Dataset extract:
______
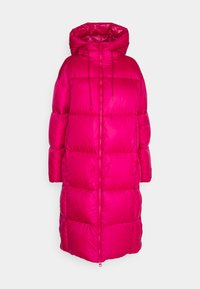 Abrigo acolchado hasta la rodilla en un vibrante color rosa, con capucha, cierre frontal con cremallera y puños elásticos. La tela tiene una textura suave y brillante con secciones acolchadas.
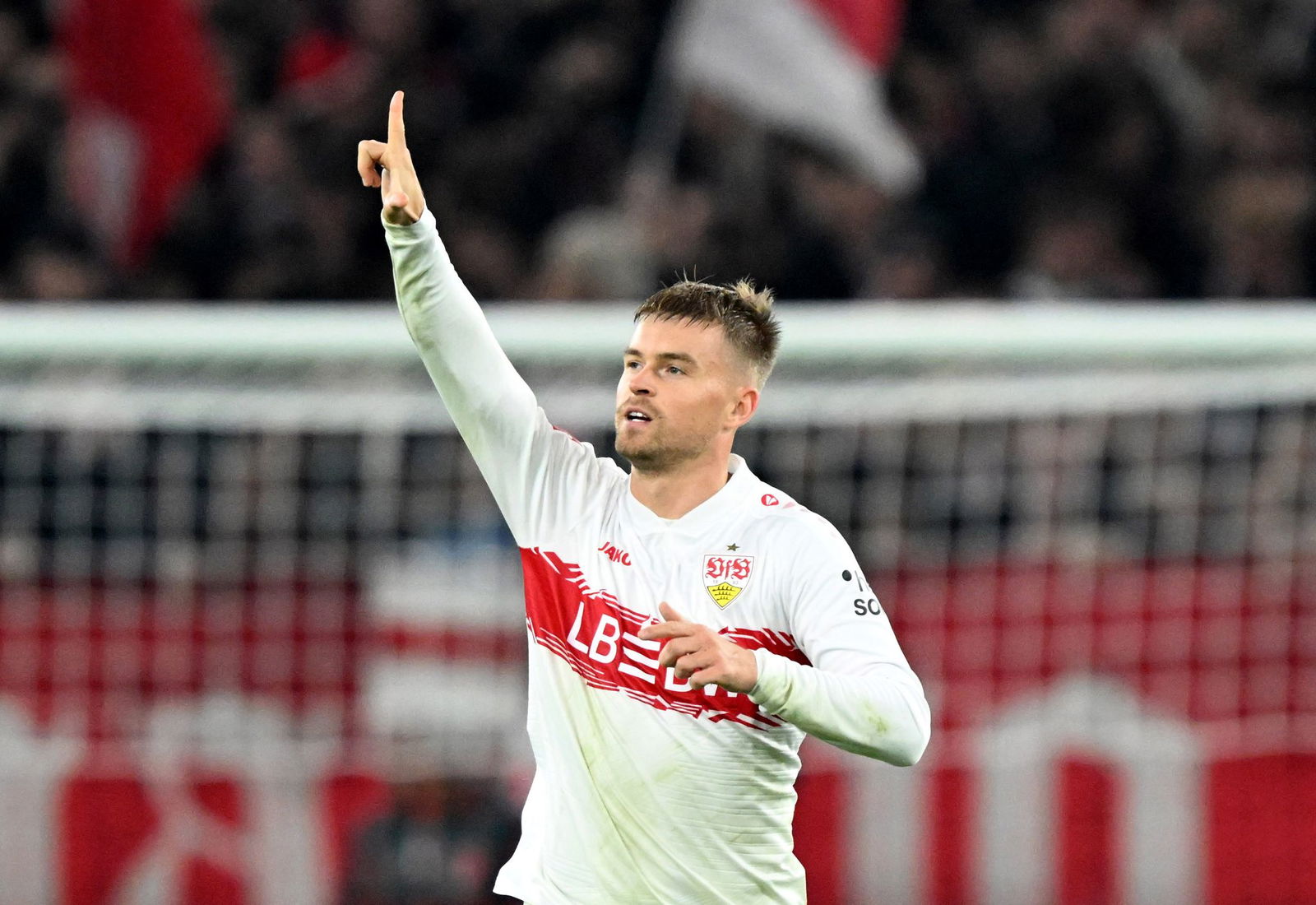 VfB-Nationalspieler Mittelstädt traf per Foulelfmeter zum 1:1.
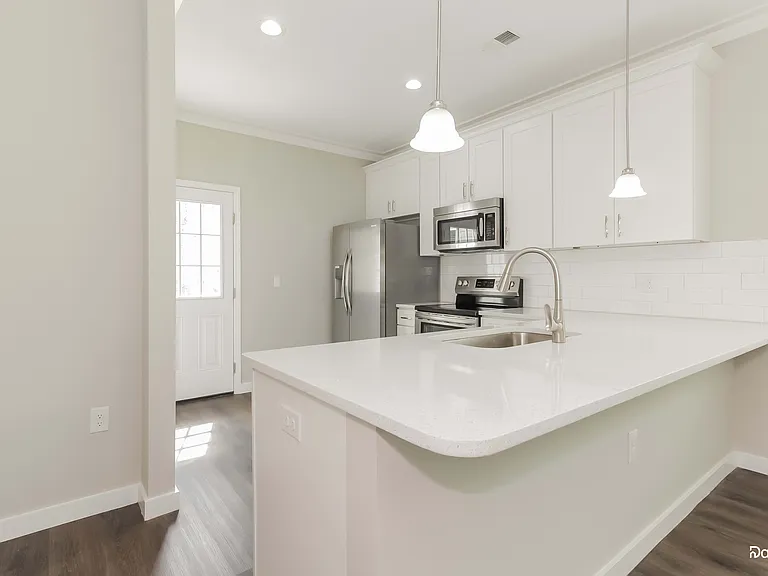 5417 Skycrest Dr — Photo 5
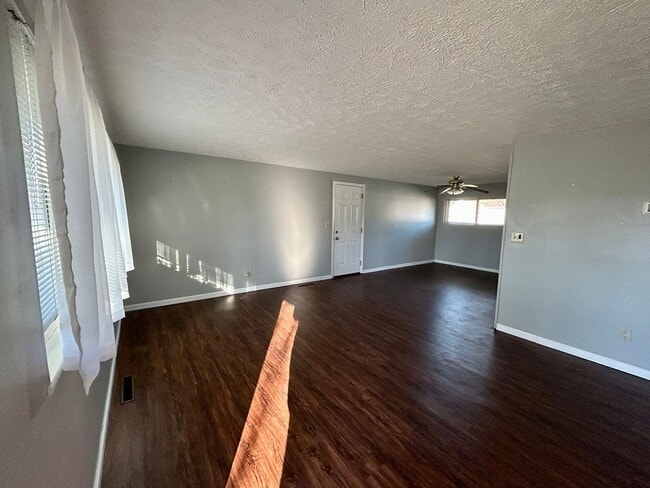 Building Photo - 3 bed 1 bath close to shopping, schools, parks and more!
______
What is required: Quote exactly the lines from the line that contains "5417 Skycrest Dr — Photo 5" through the last line of the listing, please, leaving out all pictures.

Response to this exercise:
 5417 Skycrest Dr — Photo 5
 Building Photo - 3 bed 1 bath close to shopping, schools, parks and more!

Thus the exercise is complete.